Taman universitas yang asing itu udah sepi. Bahkan lampu gak bisa nerangin seluruh sudut kampusnya. Ditemani lampu kuning, Harja duduk di bangku taman sambil terus gerakin kakinya. Berkali-kali nyoba buat nelpon seseorang. Sayangnya berkali-kali pula panggilannya gak dijawab.
Awalnya bertekad buat di sini sampai pagi, gak peduli gimana gembelnya dia besok di antara mahasiswa yang udah dandan ke kampus. Tapi untunglah akhirnya nada sambung itu berganti ucapan halo dan seketika itu juga Harja melempar tubuhnya bangkit dan memilih untuk mondar-mandir sambil berbicara.
"Abang dimana? Gue di taman kampus. Abang di kampus kan? Tolong, temuin Harja sekali aja."
"Lo ... sama Papa?"
"Enggak, Harja sendirian."
Ada jeda sebelum jawaban setuju itu diluncurkan. Harja bernapas lega, rencana pertamanya berhasil. Akhirnya dia bisa meyakinkan Helga buat ketemu. Langkah mondar-mandir itu berganti dengan jalan cepat menuju manusia berkacamata yang jalan mendekat.
"Abang!" panggil Harja kemudian memeluk Helga. "Abang baik-baik aja, 'kan?"
Helga cuma ngangguk kemudian ngelepas pelukan Harja. "Ada perlu apa?"
Harja ngambil tangan Helga dan genggam erat-erat. "Tolongin Harja, Bang. Harja gak mau dipaksa buat nerusin perusahaan. Harja mau kerja sesuai sama minat Harja. Bantu Harja buat ngeyakinin ke Papa kalau Abang mampu nerusin," pinta Harja.
Helga hanya bereaksi diam sambil terus menatap rumput. Seakan gak denger Harja ngomong apa.
"Bang, tolong. Harja capek harus ngehindar dari Papa terus."
"Gue ... bukan kakak kandung lo."
Pandangan Harja berubah kosong.

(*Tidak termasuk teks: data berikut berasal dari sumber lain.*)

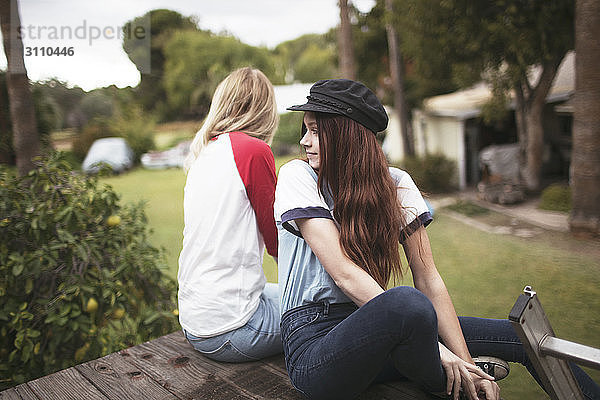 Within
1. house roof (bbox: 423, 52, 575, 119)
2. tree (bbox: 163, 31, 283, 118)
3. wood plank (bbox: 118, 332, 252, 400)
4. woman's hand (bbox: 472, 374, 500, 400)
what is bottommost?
wood plank (bbox: 118, 332, 252, 400)

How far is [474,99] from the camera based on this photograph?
11.9m

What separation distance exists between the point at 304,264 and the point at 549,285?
3850mm

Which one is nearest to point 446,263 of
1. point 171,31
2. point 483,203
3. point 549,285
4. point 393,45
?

Bibirnya menganga, otaknya berputar. "Maksudnya?"
"Papa gak mau gue yang nerusin karena gue bukan anak kandung Papa."
Seketika Harja mengalihkan pandangannya. Apa lagi ini? Masalah macam apa yang gue hadapi sekarang? Maksud Abang apa? Kenapa gue gak tau soal ini?
"Abang gak bercanda kan?" tanya Harja dengan suara yang getir.
"Ternyata kita semua sukses buat jaga rahasia ini," ucap Helga kemudian.
Kita? Kita siapa?
"Mama, Papa, dan gue. Kita sukses buat jaga rahasia ini sampai beberapa detik yang lalu." Helga memijat pelipisnya.
"Kenapa nyangkutin Mama?"
Malam itu rasanya makin gelap dari biasanya. Lampu di samping bangku taman aja gak cukup buat nerangin apa yang terjadi malam ini. Dua manusia yang faktanya tidak terikat darah itu sedang duduk bersandingan. Yang lebih muda masih diam, mewaraskan pikirannya, meminta dirinya menerima kenyataan. Sedangkan yang lebih tua menunggu yang lebih muda untuk siap menerima penjelasan.
"Harja ... gak ngerti." Rasanya otak Harja terombang ambing. Seperti dilempar ke atas kemudian dibanting keras-keras. Seperti di ayunkan kemudian dibenturkan. Sepening itu.
"Gue nunggu lo buat siap dengerin semuanya. Emosi lo mudah meledak di saat yang kayak gini." Helga menghela napasnya.
"Jelasin, Bang."
Ada sedikit jeda sebelum menjawab. Menimang dari mana dulu untuk memulai. Harja menatap pria di depannya intens.
"Dulu gue tinggal di panti asuhan. Gue termasuk golongan terpintar di sana. Tanggal 26 Agustus, sehari setelah ulang tahun gue, Mama sama Papa dateng ke panti asuhan. Bunda bilang kalau mereka pengen adopsi gue. Alasannya, karena Mama gak bisa hamil setelah 2 tahun nikah. Mungkin dengan adanya gue, Mama bisa cepet-cepet hamil.
"Papa awalnya gak setuju dengan keputusan Mama buat adopsi gue. Tapi karena Mama ngerayu Papa, akhirnya Papa luluh juga. Gue diadopsi dan keluar dari panti hari itu juga.
"Seperti yang Mama bilang. Adanya gue di keluarga mereka, setahun kemudian Mama hamil elo. Bisa gue lihat mereka bahagia banget akhirnya bisa punya keturunan. Sayang mereka ke gue gak luntur sama sekali.
"Sejak tanggal 5 Februari 2006, sayang Papa ke gue langsung hilang gitu aja. Dikubur bersama Mama. Papa menjadi gak peduli sama gue. Bahkan ketika gue sakit Papa cuma nyuruh bibi buat beliin gue obat. Papa semakin gila kerja buat ngembangin perusahaannya yang saat itu agak turun.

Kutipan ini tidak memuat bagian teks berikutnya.